The Green Collection: Rare Biblical Artifacts
Steve Green’s collection includes more than 44,000 pieces, including cuneiform tablet, pieces of the Dead Sea Scrolls and rare illuminated manuscripts. “Scroll” through for more images.
Hobby shop magnate Steve Green’s own favorite pastime doesn’t involve model airplanes or remote controlled cars, it’s all about building and displaying the biggest collection of Biblical artifacts this side of the Vatican.
The owner of the 502-store, Oklahoma City-based Hobby Lobby chain, Green has a collection of nearly 50,000 Items, ranging from 1,500-year-old parchment fragments to a 150-pound sandstone tablet discovered near the Dead Sea. Green, who collects the artifacts with the help of archaeologist and religious scholar Scott Carroll, said the holy book has long fascinated him.
“It’s been banned; it’s been burned,” Green told FoxNews.com. “It’s been loved and hated. It’s the best-selling book of all time, the most-translated book of all time, and, I think, the most important book of all time.”
“It’s been banned; it’s been burned. It’s been loved and hated.
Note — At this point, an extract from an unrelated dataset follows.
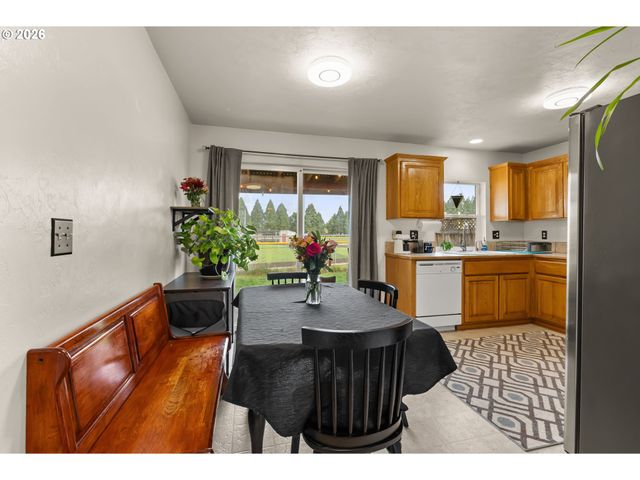 1880 MANIHI Dr, Eugene, OR 97404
It’s … the most important book of all time.”
– Steve Green
Some of the collection’s best pieces are currently on display in Vatican City. Called the Verbum Domini exhibit, it includes the Codex Climaci Rescriptus, one of the earliest-surviving, near-complete Bibles.
Green’s favorite piece is the Great Isaiah Scroll Facsimile.
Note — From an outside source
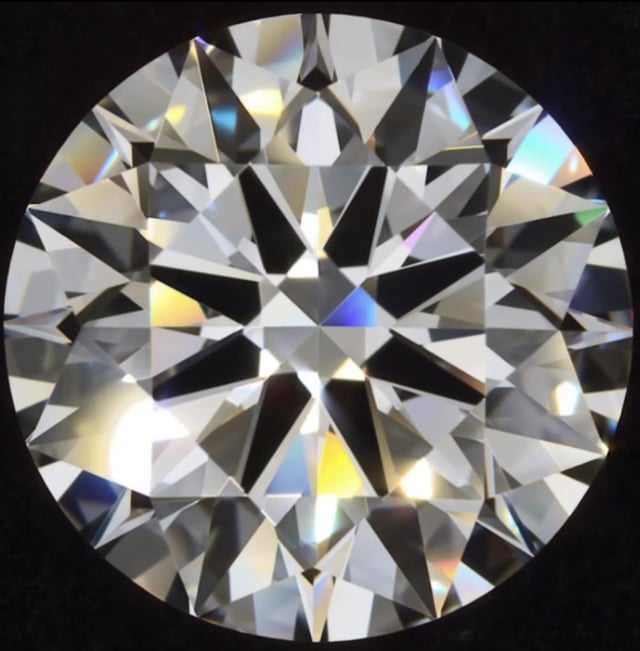 您觉得这颗 5 克拉 E VVS2 合成钻石怎么样？ （获得 8X 切工等级）。我想把它做成光环吊坠。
“[It’s] an exact facsimile of the most celebrated of all the Biblical Dead Sea Scrolls and one of the original seven Dead Sea Scrolls discovered at Qumran in 1947,” he told FoxNews.com. “Dating to ca. 125 BCE, it is the largest and best-preserved of all the biblical scrolls. The 54 columns contain all 66 chapters of Isaiah.”
Green and Carroll purchased their first manuscript in November 2009, and never envisioned their collection growing as it has.
“We are inspired because of our personal faith and because the Bible is arguably the world’s most significant piece of literature, with tens of thousands of people having died to access and translate it and we think that story is worth telling in a meaningful way,” Green said.
Carroll, who acquires new items for the collection with input from Green, said the smaller collection put together for the Holy City Is aimed at showing the ties that bind all denominations of Christianity.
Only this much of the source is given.